◆ **Work to be completed**:
In the records below, find the line with "Traditional French Ceramic" and the line with "KissTies Satin Tie". Print both exactly, along with every line between them, and no other line.

◆ **Entries provided**:
%%

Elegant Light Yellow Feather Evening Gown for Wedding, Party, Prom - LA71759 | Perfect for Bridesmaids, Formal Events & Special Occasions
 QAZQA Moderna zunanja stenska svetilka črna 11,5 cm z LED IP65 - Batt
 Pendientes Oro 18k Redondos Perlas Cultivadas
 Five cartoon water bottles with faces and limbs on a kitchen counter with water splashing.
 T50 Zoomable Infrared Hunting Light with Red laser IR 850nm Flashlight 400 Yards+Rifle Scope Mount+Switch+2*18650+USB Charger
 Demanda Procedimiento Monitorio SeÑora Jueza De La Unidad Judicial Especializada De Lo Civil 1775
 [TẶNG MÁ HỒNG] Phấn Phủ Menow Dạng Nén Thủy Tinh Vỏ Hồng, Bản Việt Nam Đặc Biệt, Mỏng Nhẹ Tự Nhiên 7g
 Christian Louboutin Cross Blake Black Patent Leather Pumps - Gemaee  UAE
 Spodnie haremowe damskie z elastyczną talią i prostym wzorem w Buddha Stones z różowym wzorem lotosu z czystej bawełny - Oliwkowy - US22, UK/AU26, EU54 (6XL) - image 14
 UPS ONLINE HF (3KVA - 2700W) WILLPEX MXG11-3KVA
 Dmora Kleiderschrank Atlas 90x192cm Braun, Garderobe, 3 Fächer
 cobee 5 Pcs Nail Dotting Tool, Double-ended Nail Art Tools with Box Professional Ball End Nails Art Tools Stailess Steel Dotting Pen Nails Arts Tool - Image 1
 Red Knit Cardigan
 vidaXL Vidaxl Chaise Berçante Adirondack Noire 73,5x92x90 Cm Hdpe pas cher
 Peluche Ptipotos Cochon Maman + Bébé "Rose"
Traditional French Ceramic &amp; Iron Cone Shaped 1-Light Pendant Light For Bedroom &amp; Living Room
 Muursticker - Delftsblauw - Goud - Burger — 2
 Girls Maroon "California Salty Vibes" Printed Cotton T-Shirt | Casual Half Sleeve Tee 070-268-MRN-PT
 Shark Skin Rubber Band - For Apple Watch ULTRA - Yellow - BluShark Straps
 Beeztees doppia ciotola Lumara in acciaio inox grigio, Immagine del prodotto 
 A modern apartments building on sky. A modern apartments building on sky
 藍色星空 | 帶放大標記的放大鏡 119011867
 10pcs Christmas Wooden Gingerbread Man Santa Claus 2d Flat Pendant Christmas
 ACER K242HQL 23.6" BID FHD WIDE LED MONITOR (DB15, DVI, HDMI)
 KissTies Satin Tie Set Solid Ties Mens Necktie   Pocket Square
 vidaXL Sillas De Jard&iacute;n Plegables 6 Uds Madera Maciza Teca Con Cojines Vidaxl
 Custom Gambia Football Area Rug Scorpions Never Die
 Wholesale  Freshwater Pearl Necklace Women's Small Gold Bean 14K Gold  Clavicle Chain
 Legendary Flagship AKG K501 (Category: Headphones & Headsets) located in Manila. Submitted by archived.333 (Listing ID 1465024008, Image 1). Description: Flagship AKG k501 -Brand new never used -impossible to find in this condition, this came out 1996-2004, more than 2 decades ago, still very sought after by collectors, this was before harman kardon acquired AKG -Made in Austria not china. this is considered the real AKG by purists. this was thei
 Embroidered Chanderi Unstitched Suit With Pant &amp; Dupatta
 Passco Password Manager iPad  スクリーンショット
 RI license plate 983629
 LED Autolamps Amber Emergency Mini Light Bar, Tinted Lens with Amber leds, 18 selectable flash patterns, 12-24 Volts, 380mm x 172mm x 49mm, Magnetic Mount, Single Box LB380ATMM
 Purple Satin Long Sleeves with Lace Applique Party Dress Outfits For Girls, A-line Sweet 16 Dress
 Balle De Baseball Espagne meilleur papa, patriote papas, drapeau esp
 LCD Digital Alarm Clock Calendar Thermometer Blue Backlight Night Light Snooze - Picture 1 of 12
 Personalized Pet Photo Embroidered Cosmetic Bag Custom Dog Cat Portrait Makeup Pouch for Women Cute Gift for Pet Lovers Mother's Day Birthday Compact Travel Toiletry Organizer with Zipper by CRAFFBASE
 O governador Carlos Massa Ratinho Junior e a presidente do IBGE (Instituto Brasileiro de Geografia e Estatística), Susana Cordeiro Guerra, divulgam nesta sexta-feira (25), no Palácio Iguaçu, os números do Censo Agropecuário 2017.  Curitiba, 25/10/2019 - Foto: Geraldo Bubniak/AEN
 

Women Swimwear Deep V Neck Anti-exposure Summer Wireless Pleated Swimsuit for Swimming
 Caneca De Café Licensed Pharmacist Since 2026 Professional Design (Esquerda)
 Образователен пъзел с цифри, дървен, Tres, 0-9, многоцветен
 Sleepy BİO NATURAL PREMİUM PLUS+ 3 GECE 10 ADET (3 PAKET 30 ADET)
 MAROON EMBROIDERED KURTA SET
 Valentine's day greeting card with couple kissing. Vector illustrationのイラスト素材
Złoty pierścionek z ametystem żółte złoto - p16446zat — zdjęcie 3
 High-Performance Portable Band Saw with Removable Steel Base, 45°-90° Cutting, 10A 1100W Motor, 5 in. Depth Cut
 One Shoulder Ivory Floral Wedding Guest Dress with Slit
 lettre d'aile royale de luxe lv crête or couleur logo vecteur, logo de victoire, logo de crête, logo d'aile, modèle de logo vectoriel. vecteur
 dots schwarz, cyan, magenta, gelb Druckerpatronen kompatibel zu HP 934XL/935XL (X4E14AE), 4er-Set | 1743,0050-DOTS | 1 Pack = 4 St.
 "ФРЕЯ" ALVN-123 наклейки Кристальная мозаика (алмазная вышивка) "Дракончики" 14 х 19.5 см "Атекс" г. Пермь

%%

◆ **The answer**:
Traditional French Ceramic &amp; Iron Cone Shaped 1-Light Pendant Light For Bedroom &amp; Living Room
 Muursticker - Delftsblauw - Goud - Burger — 2
 Girls Maroon "California Salty Vibes" Printed Cotton T-Shirt | Casual Half Sleeve Tee 070-268-MRN-PT
 Shark Skin Rubber Band - For Apple Watch ULTRA - Yellow - BluShark Straps
 Beeztees doppia ciotola Lumara in acciaio inox grigio, Immagine del prodotto 
 A modern apartments building on sky. A modern apartments building on sky
 藍色星空 | 帶放大標記的放大鏡 119011867
 10pcs Christmas Wooden Gingerbread Man Santa Claus 2d Flat Pendant Christmas
 ACER K242HQL 23.6" BID FHD WIDE LED MONITOR (DB15, DVI, HDMI)
 KissTies Satin Tie Set Solid Ties Mens Necktie   Pocket Square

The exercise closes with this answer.